The European Union can’t turn into a singular geopolitical power acting like a traditional state because that’s not why it was created in the first place, European University Cyprus Rector Kostas Gouliamos says.
“The EU is impotent to play a sufficient role within the framework of power relations and politics,” the academic notes.
Earlier, speaking at the Munich Security Conference on Sunday, EU foreign affairs chief Borrell, who became the EU’s foreign policy chief after Federica Mogherini completed her five-year term in office in December, suggested that the bloc should be more decisive in its foreign policy, saying that at present Brussels does not have the capability to throw its weight around in offering its own solutions on issues ranging from Israeli-Palestinian peace to the Venezuelan crisis, Libya or the Serbia-Kosovo issue.
“Europe has to develop…the willingness to act. To really act, not to be doing comments and saying every day that we really are concerned, very much concerned, extremely concerned. We should be able to act,” Borrell complained.
Europe Not Designed as a State
However, according to Gouliamos, it's misguided to seek state-like powers for the EU, since it doesn't have the traditional institutions of hard power such as police or military forces, which still belong to member states. From the beginning, the European project was assembled “against the practice of power politics,” he stresses.
Furthermore, Gouliamos notes, EU members remain deeply divided on a number of political matters, not just on issues related to foreign affairs, but internal problems caused by conflicts of interest between member states, and by efforts by EU bureaucratic bodies seeking to increase their influence in decision-making.
“For instance, it is worthy to note that Germany is kept back to allocate the EU’s institutions authority in terms of power politics, while France is more compassionate for the European Commission to utilize control over the Eurozone,” the professor says.
Despite its status as the world’s largest economy, the EU has struggled to make a concerted push toward a united political, military or foreign policy agenda, facing internal power struggles for influence, and discontent from smaller and poorer members accusing the big players of exploiting, dominating or otherwise mistreating them.
Ultimately, given that Brussels’ foreign policy is traditionally limited to “reactive” rather than “proactive” policy vis-à-vis the US, China and other actors, Gouliamos believes that EU foreign affairs high representative Josep Borrell’s comments about a Brussels with “an appetite for power” “reflects ambitious thinking” which would require “a long and difficult political process” to actually try to accomplish.
Borrell's comments followed months of bickering and frustration between major European powers and the United States after President Trump's decision to unilaterally withdraw from the Iran nuclear deal in May 2018.

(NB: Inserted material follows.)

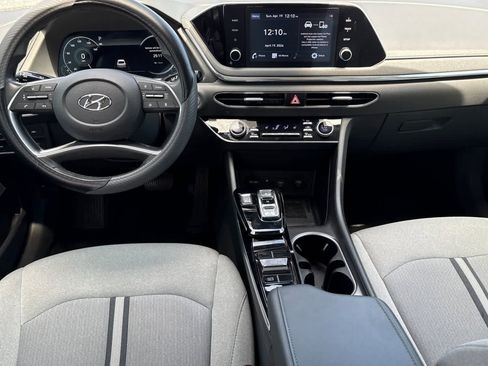 Used 2020 Hyundai Sonata SEL w/ Convenience Package image 4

Along with the Iran issue, some European leaders have called for a more nuanced approach to relations with Russia compared to their US partners. Speaking in Munich on Saturday, French President Emmanuel Macron called for a strategic dialogue between Europe and Russia to resolve some frozen conflicts, and address issues of common interest, from cybersecurity to the need to avoid the militarization of space. "I don't think we should abolish the sanctions, I'm just stating that the sanctions didn't work. Europeans suffer from sanctions as much as the Russians do and the result is not exactly positive," Macron said. The sanctions war between Russia and the West, begun in 2014 in the wake of the Ukraine crisis, have cost European businesses tens of billions of euros in lost earnings, while effects on the US have been miniscule thanks to more limited trade between Russia and the US before the crisis.